Blurt puts text in the clipboard (PRIMARY selection). You must paste manually (Ctrl+V or middle-click) after every single dictation. This is an extra step every time you use it.
Recording Feedback
Voxtype plays audio cues when recording starts and stops. You know it's working without looking.
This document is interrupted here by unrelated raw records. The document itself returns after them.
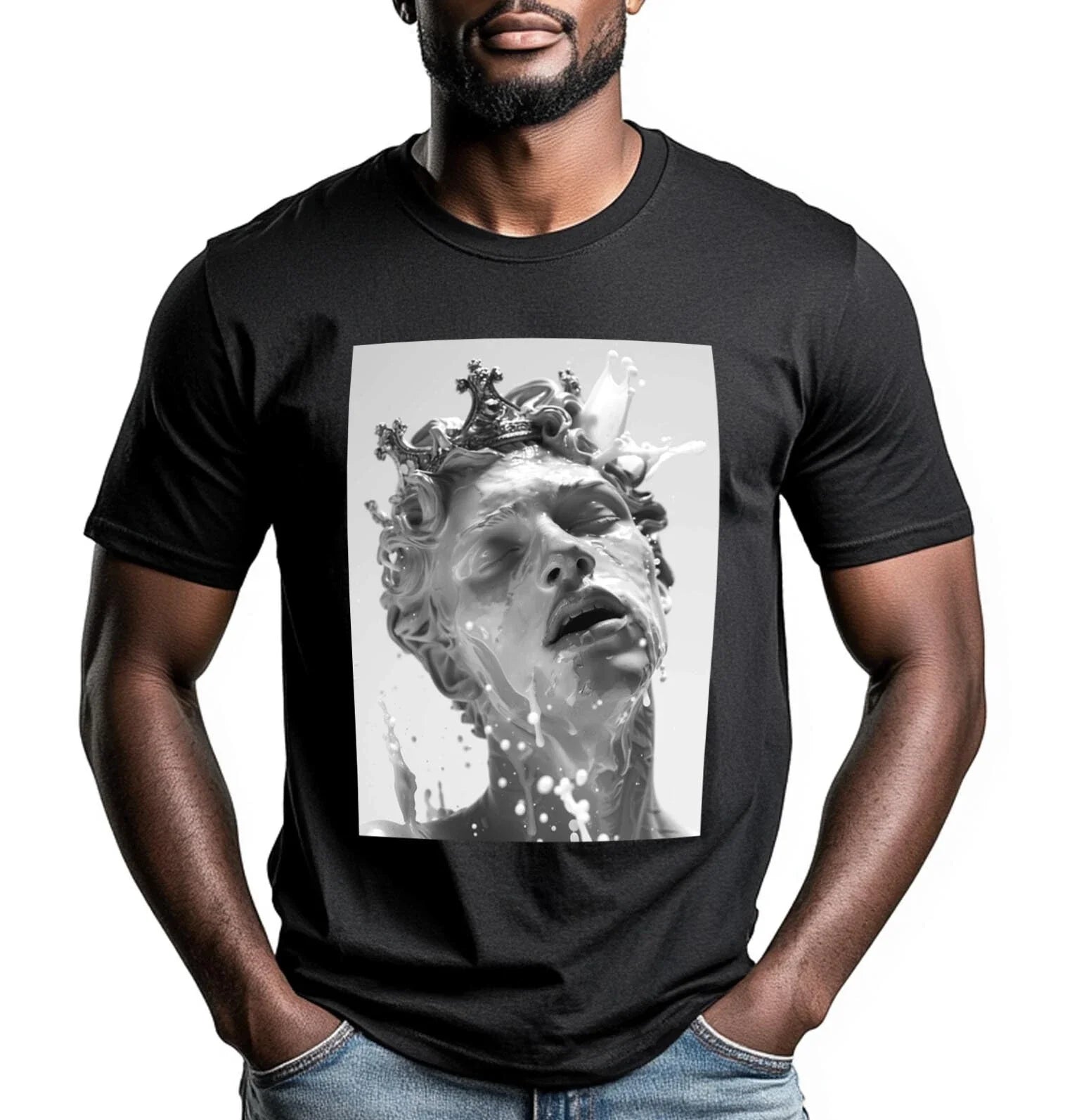 Gay fashion Muscle Hunk T-shirt | Gay Art l Gay Dreams l Gift for Him l Milk Unisex T-shirt, Sweatshirt, Hoodie, Long Sleeve Tee - T-Shirt, Sweatshirt, Hoodie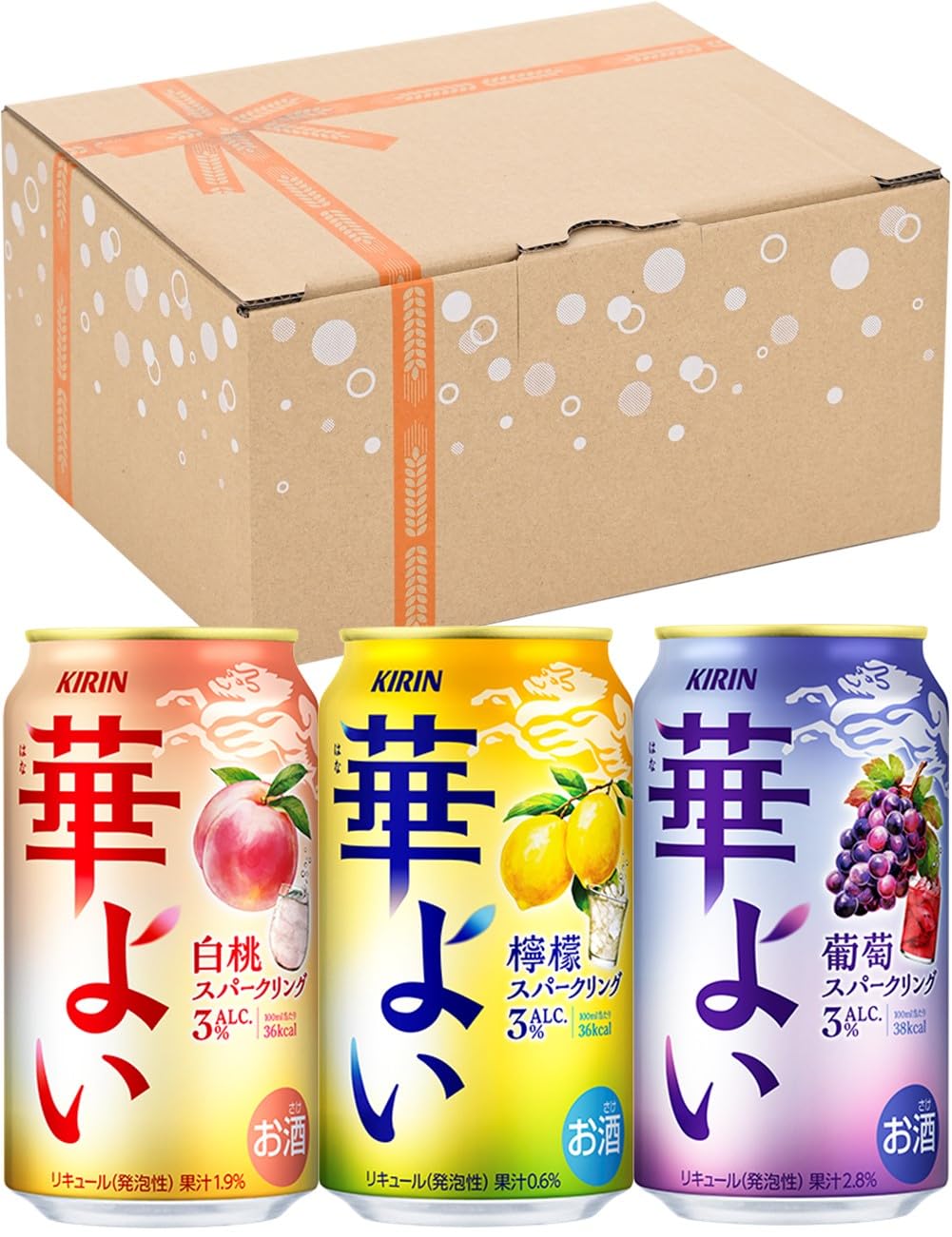 Amazon.co.jp: 華よい キリン チューハイ350ml×12本 Alc.3% 3種飲み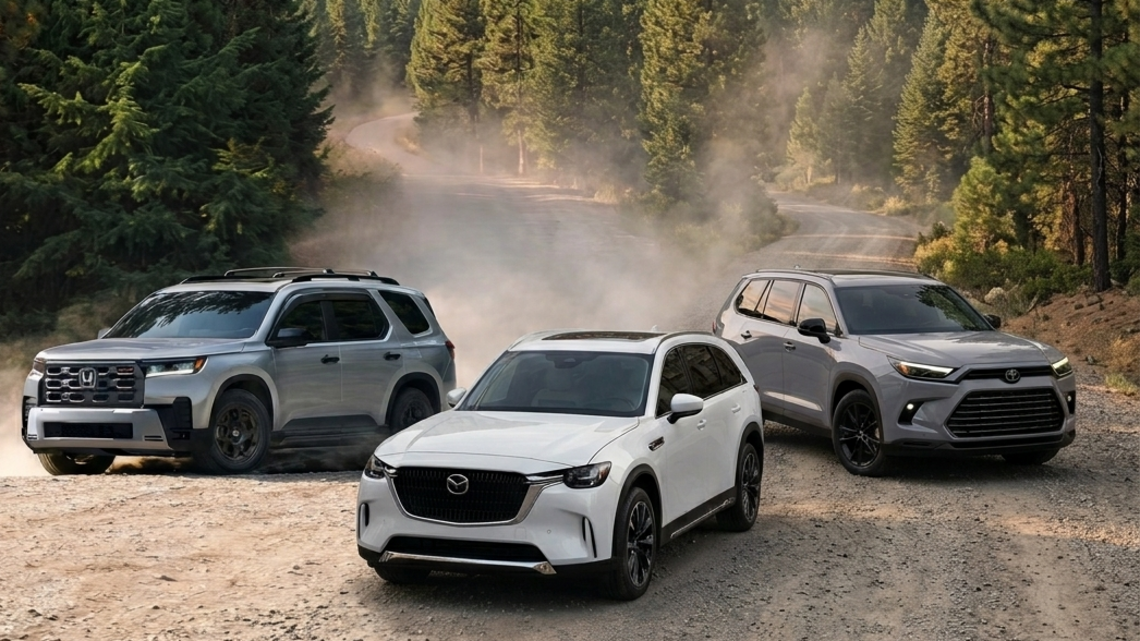 Toyota Grand Highlander Vs. Mazda CX-90 Vs. Honda Pilot: Which One Deserves Your Money? 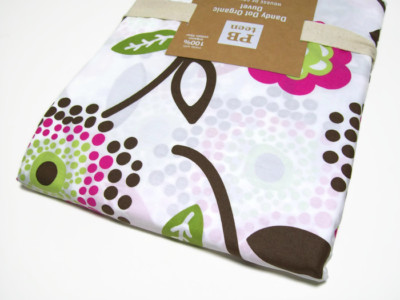 Pottery Barn Teen Cotton Dandy Dot Organic Floral Leaf Full Queen Duvet Cover-image
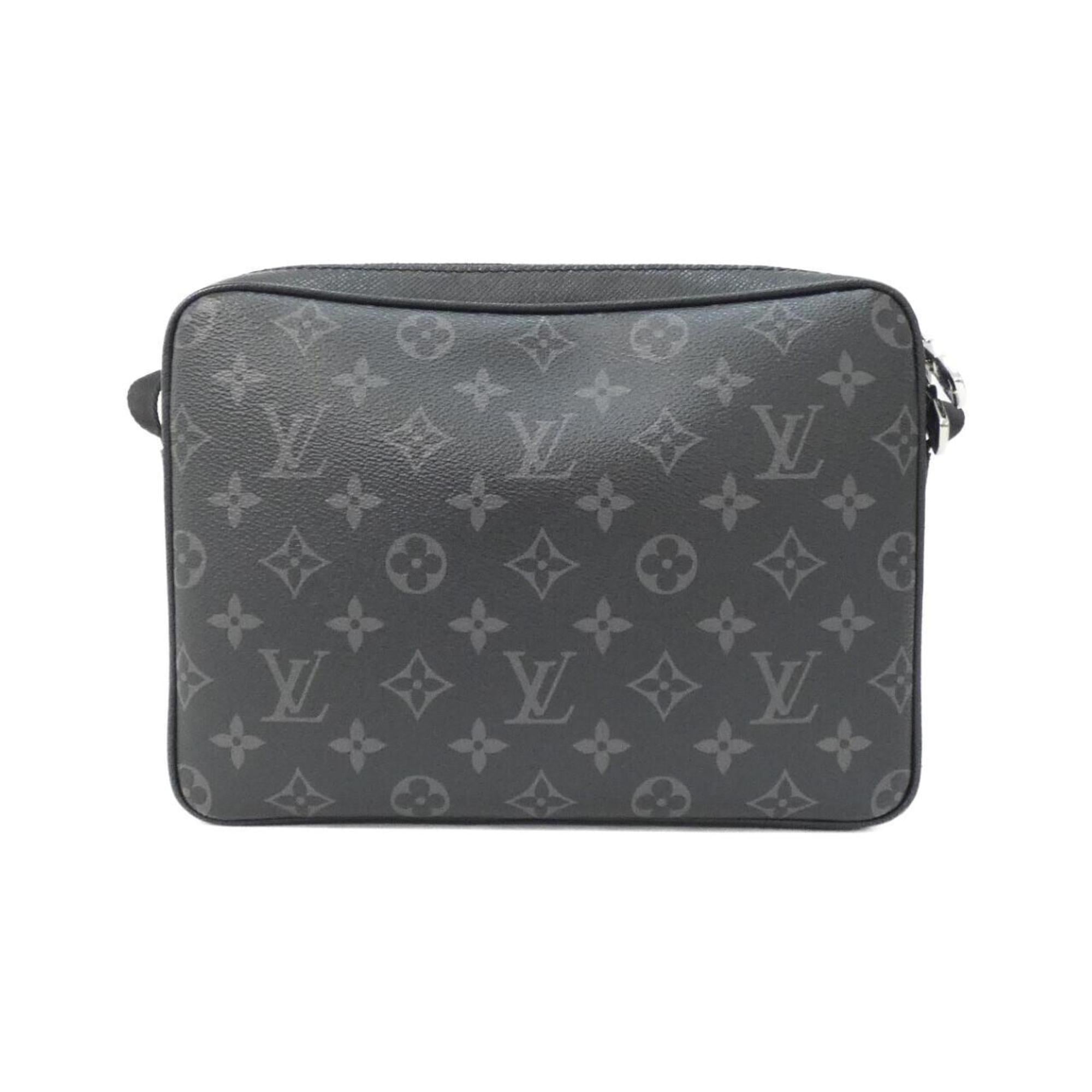 Louis Vuitton Black Coated Canvas Leather Shoulder Bag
Blurt shows a visual indicator in the GNOME top bar (the indicator turns yellow). You have to look at the screen to know if it's recording.
Who Should Use What
Blurt is for you if:
- You run GNOME Shell and love the GNOME ecosystem
- You want the indicator in your top bar
- You prefer middle-click paste workflow
- You want zero configuration after install
Voxtype is for you if:
- You use Sway, Hyprland, River, KDE, or other Wayland compositors
- You want text typed directly at cursor position
- You need push-to-talk or toggle mode options
- You prefer systemd integration
Recognition Quality
Identical. Both use whisper.cpp with the same models. Accuracy depends only on which model you choose.
Output Method
Blurt: Clipboard-based
- Speak
- Text goes to PRIMARY selection
- Middle-click or Ctrl+V to paste
Pros: Universal, predictable
Cons: Extra step to paste
Voxtype: Direct typing
- Speak
- Text types directly at cursor via ydotool
- Falls back to clipboard if unavailable
Pros: No extra steps
Cons: Requires ydotool daemon
The Honest Recommendation
If you run GNOME: Try Blurt first. It's designed for your environment and integrates beautifully.
If you run anything else: Voxtype is your answer. Blurt literally requires GNOME Shell.
They're not mutually exclusive. Install both if you like.
Related Tool: BlahST
The Blurt developer created BlahST as a more minimal alternative that works outside GNOME. If you like Blurt's approach but don't use GNOME, check out BlahST.